楽天・茂木、パ18年ぶり野手の新人王も。チームのアキレス腱だったポジションを埋めた男の際立つ能力
阪神の高山俊、オリックスの吉田正尚など大卒新人野手の活躍が印象深い今シーズン。仙台で気を吐くのが、ホットコーナーを守った早稲田大学からドラフト3位で楽天入りした茂木栄五郎だ。
2016/04/24
「レギュラーをもぎ取るように」
近年のイーグルスは、松井稼頭央が外野手に転向した後、遊撃がチームのアキレス腱になっていた。2014年は高卒5年目の西田哲朗が抜擢され94試合に先発出場したが、翌2015年キャンプから骨折に見舞われてしまう。
その西田故障の穴を埋めるべく後藤光尊が63試合でスタメン起用されたが、守備負担の大きいポジションがベテランを疲弊させ、本来の力を引き出すことができずに終わった。
センターラインの強化を掲げて臨んだ昨秋のドラフト、ドラフト1位のオコエ瑠偉、同2位・吉持亮汰らと共にイーグルスが白羽の矢を立てたのが、3年秋に東京六大学の首位打者を獲得した実績を持つ茂木というわけだ。
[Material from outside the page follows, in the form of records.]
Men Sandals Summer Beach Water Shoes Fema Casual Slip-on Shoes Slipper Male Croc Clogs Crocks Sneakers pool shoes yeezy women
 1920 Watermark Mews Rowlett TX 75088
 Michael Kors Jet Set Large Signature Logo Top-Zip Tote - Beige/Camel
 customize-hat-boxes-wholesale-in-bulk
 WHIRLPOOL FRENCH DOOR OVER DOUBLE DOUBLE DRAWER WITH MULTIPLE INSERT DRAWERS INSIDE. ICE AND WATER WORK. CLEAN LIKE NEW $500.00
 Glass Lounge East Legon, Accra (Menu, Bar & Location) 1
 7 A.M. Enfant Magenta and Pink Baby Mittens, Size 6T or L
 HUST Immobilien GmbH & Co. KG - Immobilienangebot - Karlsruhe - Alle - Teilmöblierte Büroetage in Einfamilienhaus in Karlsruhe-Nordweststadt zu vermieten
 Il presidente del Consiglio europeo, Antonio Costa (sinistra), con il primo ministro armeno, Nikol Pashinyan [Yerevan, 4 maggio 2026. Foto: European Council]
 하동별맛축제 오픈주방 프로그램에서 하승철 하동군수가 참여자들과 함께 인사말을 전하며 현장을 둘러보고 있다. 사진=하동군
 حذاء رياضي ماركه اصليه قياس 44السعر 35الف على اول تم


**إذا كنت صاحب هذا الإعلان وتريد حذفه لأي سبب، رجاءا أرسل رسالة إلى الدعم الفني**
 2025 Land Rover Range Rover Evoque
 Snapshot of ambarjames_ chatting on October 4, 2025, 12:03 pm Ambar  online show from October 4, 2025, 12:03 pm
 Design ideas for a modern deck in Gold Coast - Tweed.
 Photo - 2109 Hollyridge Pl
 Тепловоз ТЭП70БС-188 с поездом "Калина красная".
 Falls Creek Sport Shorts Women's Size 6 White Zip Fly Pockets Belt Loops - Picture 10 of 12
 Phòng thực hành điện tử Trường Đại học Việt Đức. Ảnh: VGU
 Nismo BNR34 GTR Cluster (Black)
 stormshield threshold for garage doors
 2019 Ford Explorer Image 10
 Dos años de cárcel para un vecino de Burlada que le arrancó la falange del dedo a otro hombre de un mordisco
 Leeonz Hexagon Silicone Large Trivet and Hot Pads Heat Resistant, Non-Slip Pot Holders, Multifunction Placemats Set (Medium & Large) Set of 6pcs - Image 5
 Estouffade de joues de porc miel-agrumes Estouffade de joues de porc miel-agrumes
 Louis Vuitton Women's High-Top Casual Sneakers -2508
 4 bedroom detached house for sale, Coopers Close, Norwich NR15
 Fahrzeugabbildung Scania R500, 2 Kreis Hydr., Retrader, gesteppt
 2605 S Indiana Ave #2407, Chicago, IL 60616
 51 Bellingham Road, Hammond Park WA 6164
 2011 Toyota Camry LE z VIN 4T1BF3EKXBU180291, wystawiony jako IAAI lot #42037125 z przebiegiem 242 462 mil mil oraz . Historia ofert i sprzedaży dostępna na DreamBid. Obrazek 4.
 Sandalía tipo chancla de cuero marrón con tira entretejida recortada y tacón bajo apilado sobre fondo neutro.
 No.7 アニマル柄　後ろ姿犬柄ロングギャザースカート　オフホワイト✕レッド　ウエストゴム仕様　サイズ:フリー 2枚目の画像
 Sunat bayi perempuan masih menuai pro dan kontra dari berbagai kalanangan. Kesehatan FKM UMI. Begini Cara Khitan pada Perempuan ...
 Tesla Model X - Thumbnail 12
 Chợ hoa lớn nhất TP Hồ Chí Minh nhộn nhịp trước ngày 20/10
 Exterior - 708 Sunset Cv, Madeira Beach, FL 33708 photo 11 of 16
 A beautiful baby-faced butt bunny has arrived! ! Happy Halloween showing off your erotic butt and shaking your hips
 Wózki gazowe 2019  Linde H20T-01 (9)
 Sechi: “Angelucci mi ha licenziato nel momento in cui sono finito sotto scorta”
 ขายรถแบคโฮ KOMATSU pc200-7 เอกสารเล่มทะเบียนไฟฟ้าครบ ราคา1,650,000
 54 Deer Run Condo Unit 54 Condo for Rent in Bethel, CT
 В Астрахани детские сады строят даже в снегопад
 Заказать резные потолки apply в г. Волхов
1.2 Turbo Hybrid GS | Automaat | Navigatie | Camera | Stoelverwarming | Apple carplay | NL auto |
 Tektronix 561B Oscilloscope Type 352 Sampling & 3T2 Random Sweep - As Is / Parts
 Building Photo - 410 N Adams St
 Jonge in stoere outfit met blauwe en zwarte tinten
昨年12月の新入団選手発表会、梨田監督に高い期待を受けた茂木は、実はアマチュア時代、本人も正確には思い出せないほどショートストップの経験がなかったと言う。その中、首脳陣から素質を買われ、久米島キャンプから遊撃の守備位置でノックを受け始めた。オープン戦では15試合中12試合で遊撃先発出場。ごく短期間での突貫工事で驚くべき成長を見せ、梨田監督の予言どおり内野の要となる定位置をもぎ取った。開幕戦で球団史上初の新人野手スタメン出場を果たすと、正遊撃手として22試合中21試合でスタメン出場している。(成績は全て4月23日現在)
経験なかった遊撃だが、守備が安定している。
ここまでエラーはファンブルの1つのみ。守備率.990は日本ハム・中島卓也に次ぐリーグ2位だ。守備の新指標UZRでも同2位の+6.2を記録する。三遊間の深いゾーンに飛んだ打球に対して打球の追い方が秀逸で追いつくことが多く、取ってからの1塁遠投はきわめて正確。二遊間への動きも、茂木が遊撃に就く間は、二塁ベースに向かって左側のショート方向をゴロ突破された中前安打は、わずかに4本しか許していない。